HOW TO COMPLETE THIS TASK:
Repeat the data that follows exactly, starting at the line with "Dance Studio Pants" and ending at the line with "Junta Electoral del", and leave out every picture.

### RECORDS TO PROCESS

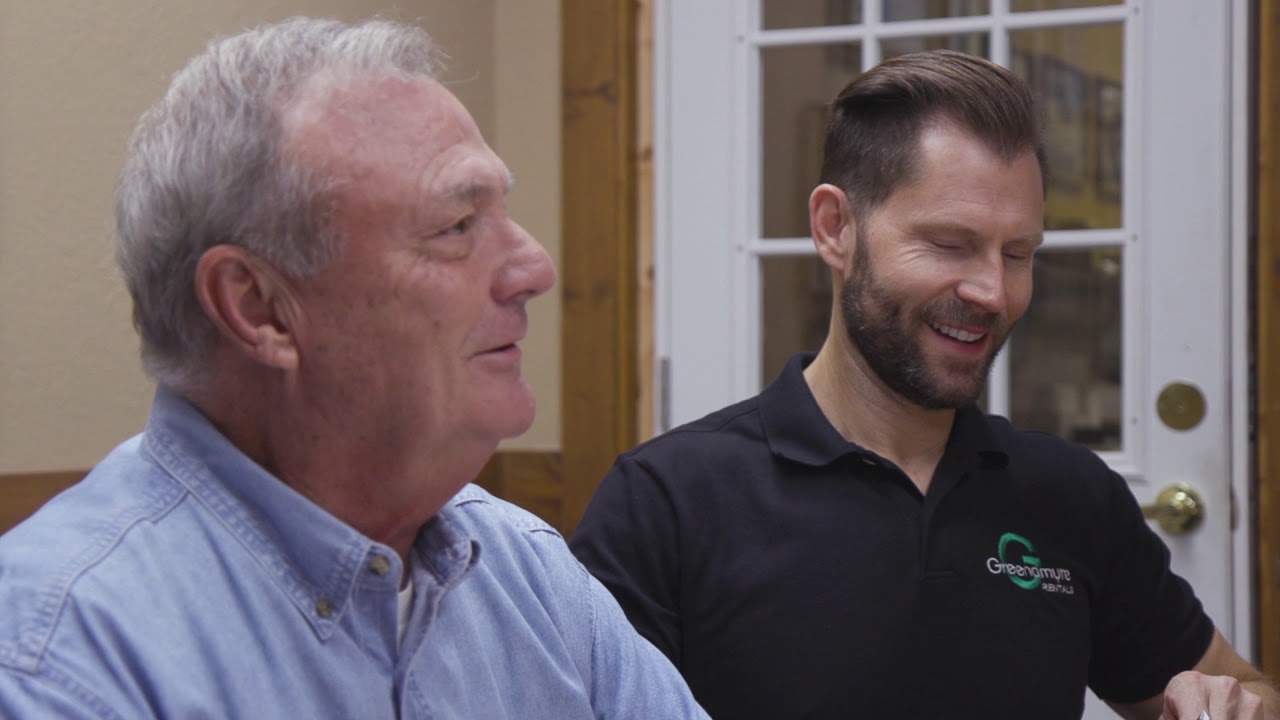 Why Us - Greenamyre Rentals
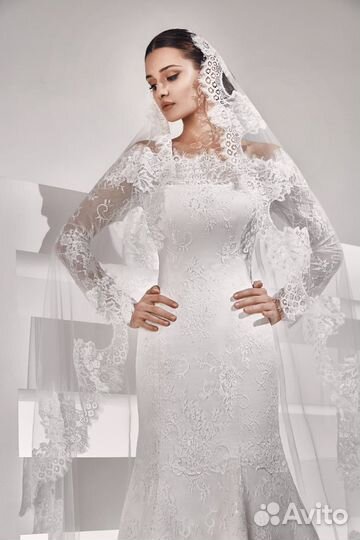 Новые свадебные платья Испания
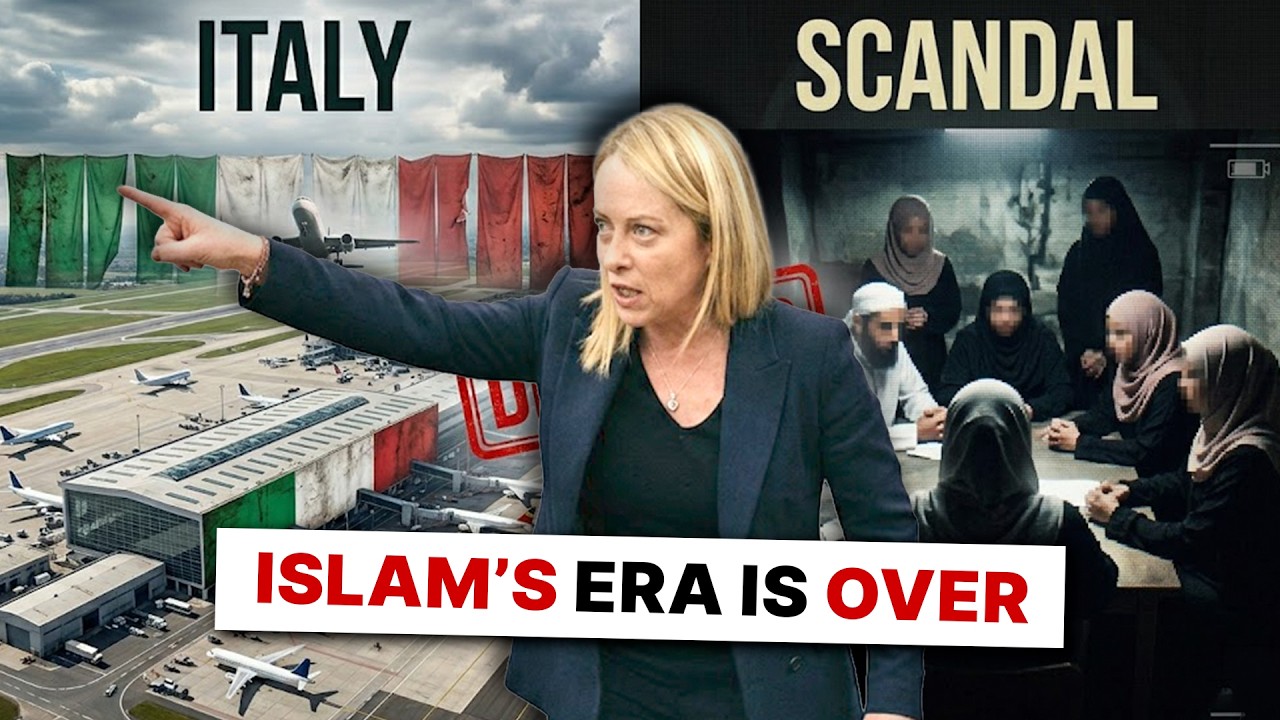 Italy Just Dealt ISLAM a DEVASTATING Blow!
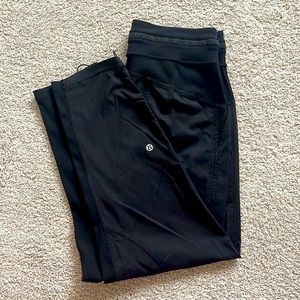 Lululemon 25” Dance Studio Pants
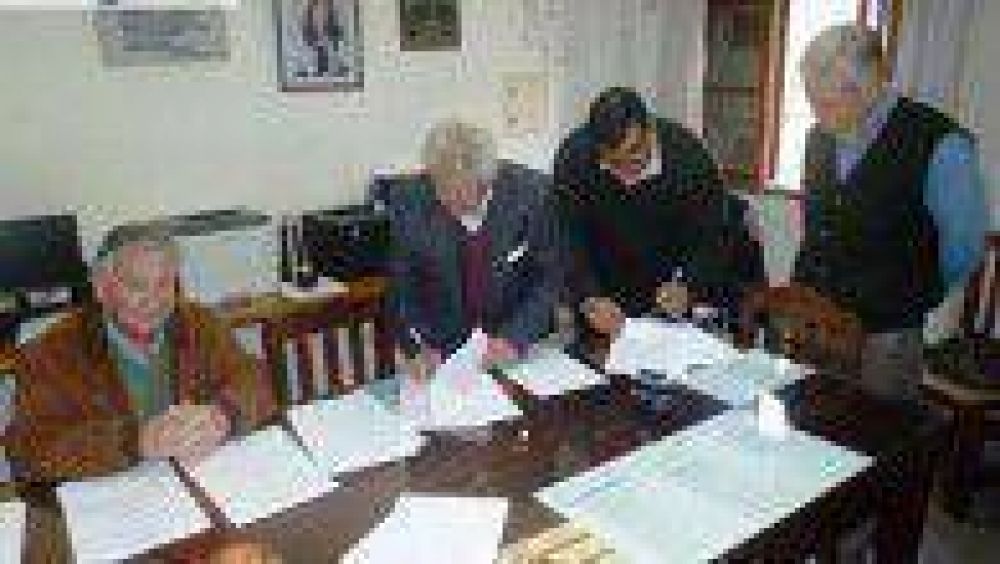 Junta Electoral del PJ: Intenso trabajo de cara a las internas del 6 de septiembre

######
### RECORDS TO PROCESS

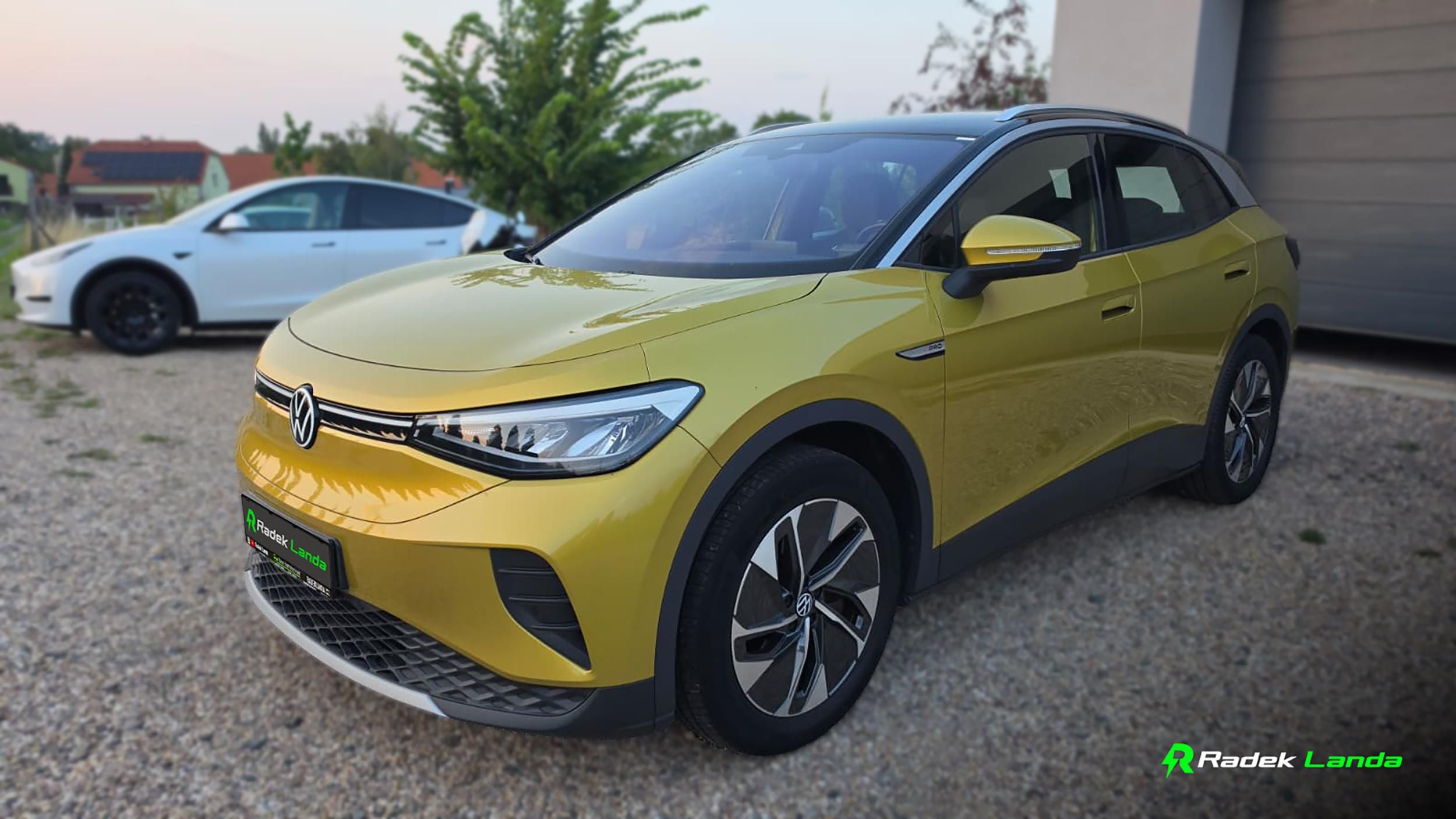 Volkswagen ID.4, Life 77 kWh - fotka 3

######

ANSWER TO THIS PROBLEM:
 Lululemon 25” Dance Studio Pants
 Junta Electoral del PJ: Intenso trabajo de cara a las internas del 6 de septiembre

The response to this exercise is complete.